Task to complete:
Set the listing down unchanged, minus every embedded image.

Task input:
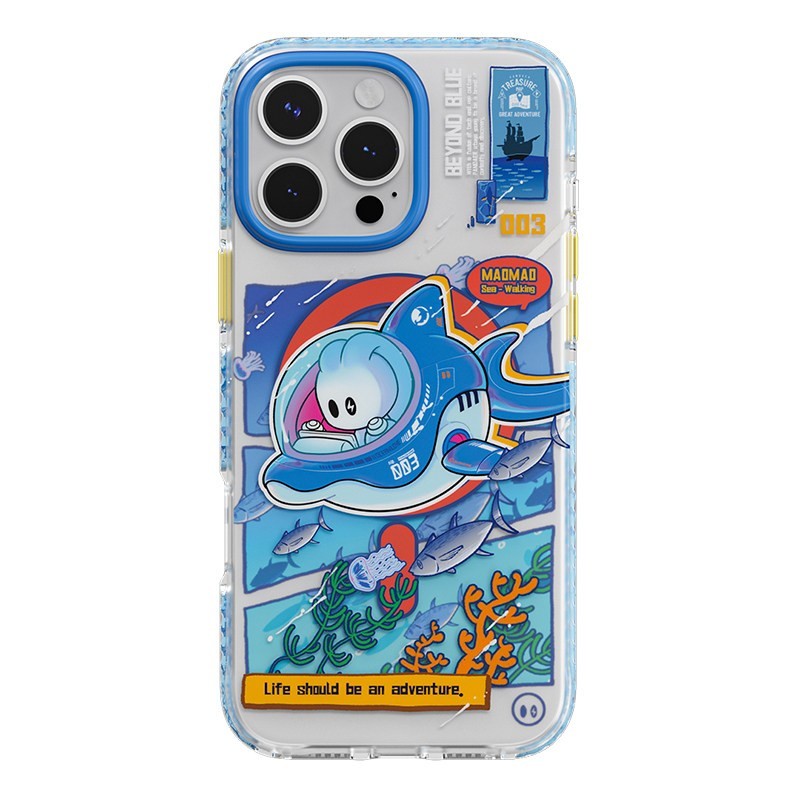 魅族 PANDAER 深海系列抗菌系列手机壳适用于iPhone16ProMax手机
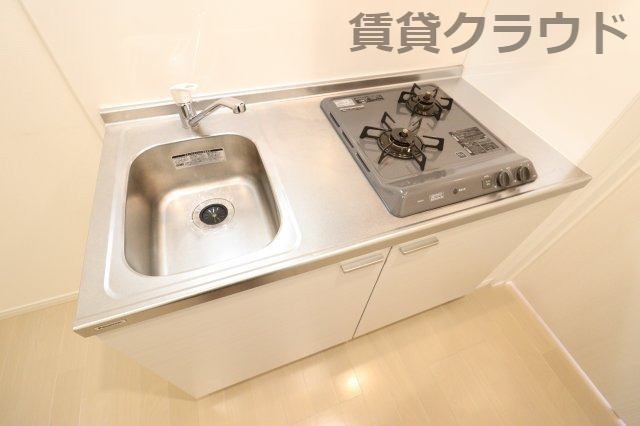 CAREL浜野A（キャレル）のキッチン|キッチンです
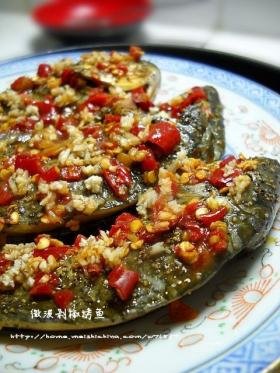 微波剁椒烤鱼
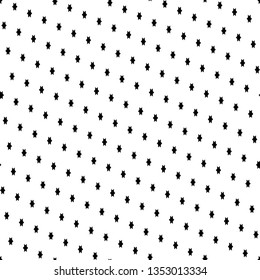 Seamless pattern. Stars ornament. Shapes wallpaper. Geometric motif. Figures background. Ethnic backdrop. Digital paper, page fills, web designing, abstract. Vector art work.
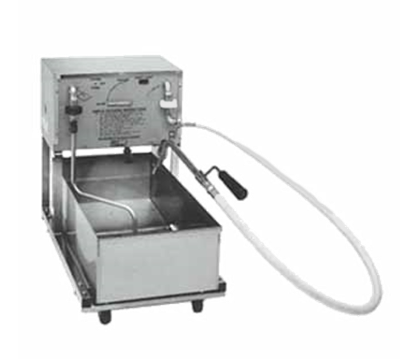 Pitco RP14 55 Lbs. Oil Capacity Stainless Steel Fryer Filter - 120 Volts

Response for this exercise:
 魅族 PANDAER 深海系列抗菌系列手机壳适用于iPhone16ProMax手机
 CAREL浜野A（キャレル）のキッチン|キッチンです
 微波剁椒烤鱼
 Seamless pattern. Stars ornament. Shapes wallpaper. Geometric motif. Figures background. Ethnic backdrop. Digital paper, page fills, web designing, abstract. Vector art work.
 Pitco RP14 55 Lbs. Oil Capacity Stainless Steel Fryer Filter - 120 Volts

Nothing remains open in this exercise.